Afterwards, Wyatt decides to offer Ike the reward money for the Stagecoach robbery in exchange for Ike delivering Ringo. Wyatt believes he can sew up an election victory over Johnny Behan if he solves the robbery.

Once Wyatt becomes the sheriff, he and his friend face a fierce resistance from the Clanton family, due to Wyatt not being able to get them the reward money. The Cowboys include Ike Clanton, Tom and Frank McLaury, and Billy Claiborne.

Doc teaches the Kid how to shoot a pistol. When the Civil War ended, he left Atlanta, Georgia and went to Richmond, Virginia and then to Baltimore, Maryland, to be a dentist.
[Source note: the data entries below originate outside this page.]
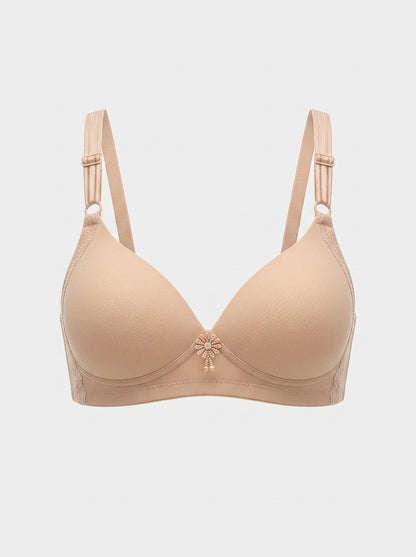 Thin Padded Bra with Wire-Free Comfort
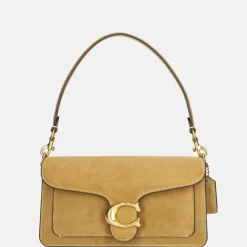 Schoudertassen^Coach Tabby schoudertas 26' suede sand (goud)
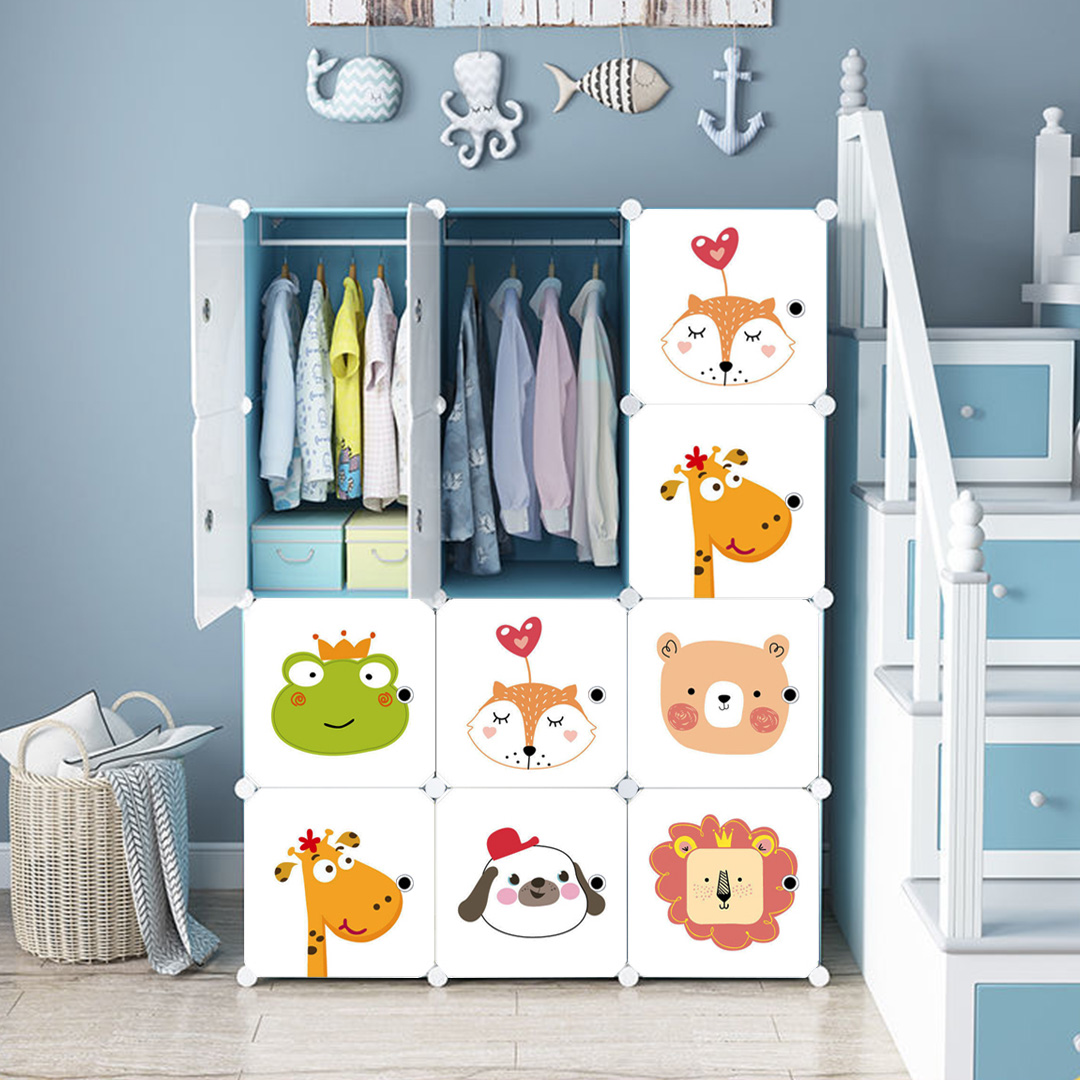 Soga 10 Cubes Diy Animal Design Portable Wardrobe Divide-Grid Modular Storage Organiser Foldable Closet, Home &Amp; Living, Bedroom??Edroom Storage Solutions, Other, , ,  - Nz Depot 3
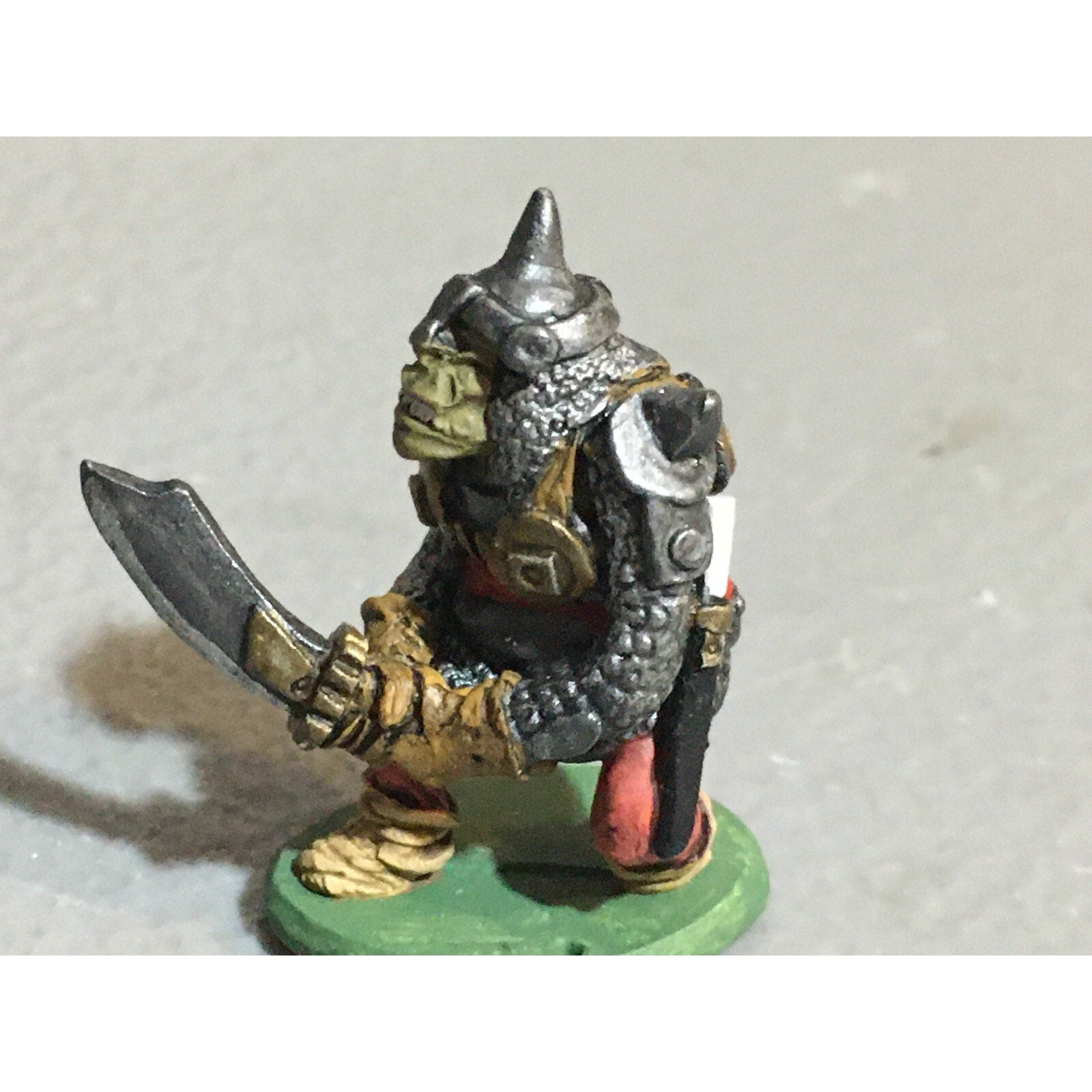 A10082 CITADEL PRE SLOTTA METAL RARE OOP ORC WARRIORS 2 PK WARHAMMER PAINTED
After some time he decided to go out to the West, looking for a drier environment to cure his tuberculosis, for which he visits a Chinese for herbs. At another point, he is taking laudanum.
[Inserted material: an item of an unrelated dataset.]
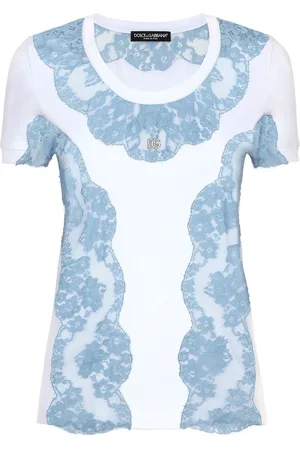 Dolce & Gabbana Lace-detail short-sleeve T-shirt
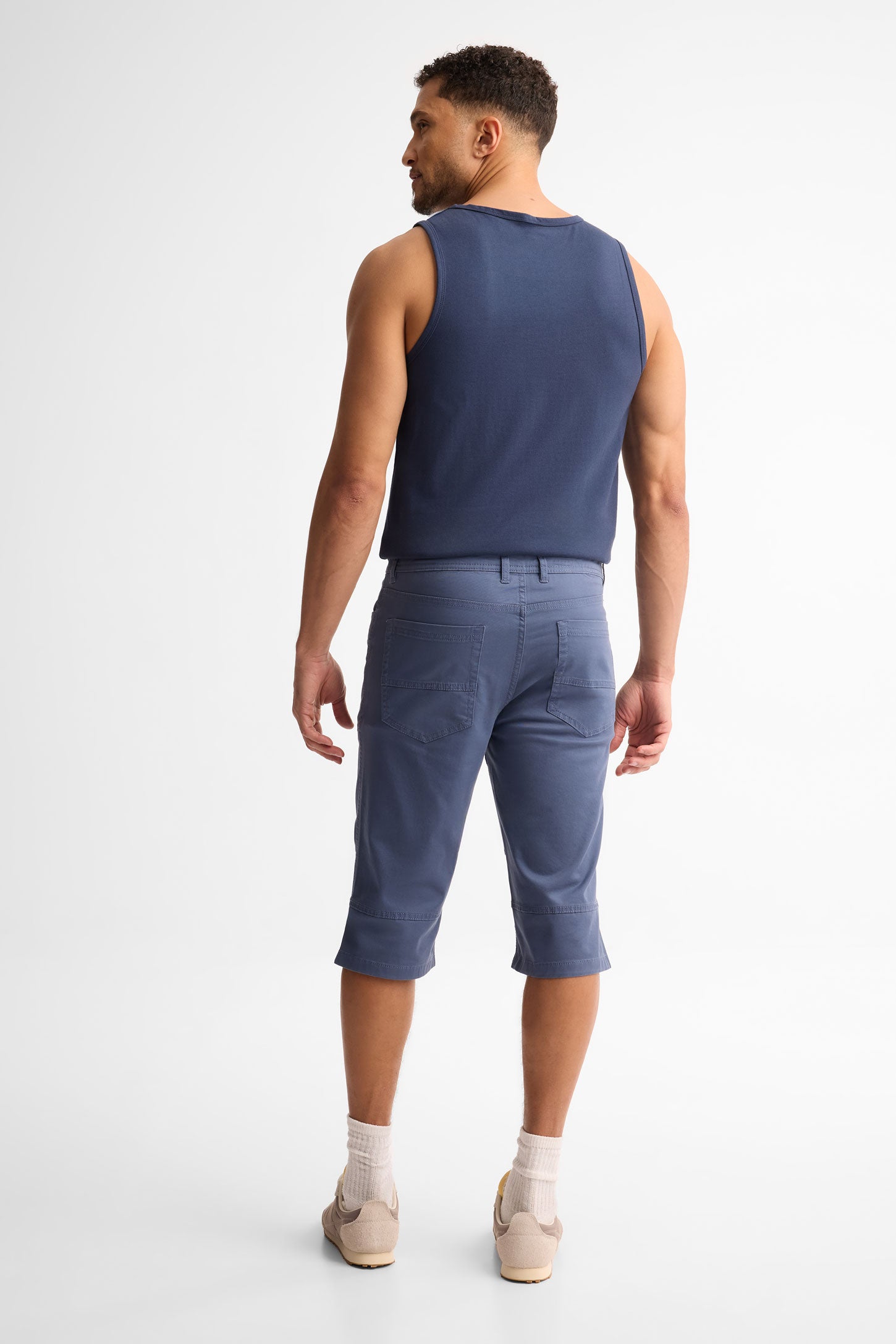 Bermuda en twill - Homme && BLEU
In the end, the showdown at the OK Corral takes place during a fiesta. Virgil Earp, Wyatt Earp, and Doc Holliday all survive the gunfight. Ike Clanton, Tom and Frank McClaury, Billy Claiborne and Morgan Earp do not.

==Cast==
- Stacy Keach as Doc Holliday
- Faye Dunaway as Kate Elder
- Harris Yulin as Wyatt Earp
- Michael Witney as Ike Clanton
- Denver John Collins as The Kid
- Dan Greenburg as John Clum
- John Scanlon as Bartlett
- Richard McKenzie as Sheriff John Behan
- John Bottoms as Virgil Earp
- Ferdinand Zogbaum as James Earp
- Penelope Allen as Mattie Blaylock Earp
- Hedy Sontag as Alley Earp
- James Greene as Frank McLowery
- Antonia Rey as Concha
- Philip Shafer as Morgan Earp
- Fred Dennis as Johnny Ringo

==Reception==
On review aggregator website Rotten Tomatoes, the film holds an approval rating of 50% based on 10 reviews, with an average rating of 6.4/10.

==Awards==
- Doc won the 1971 Western Writers of America Spur Award for the Best Movie Script by Peter Hamill.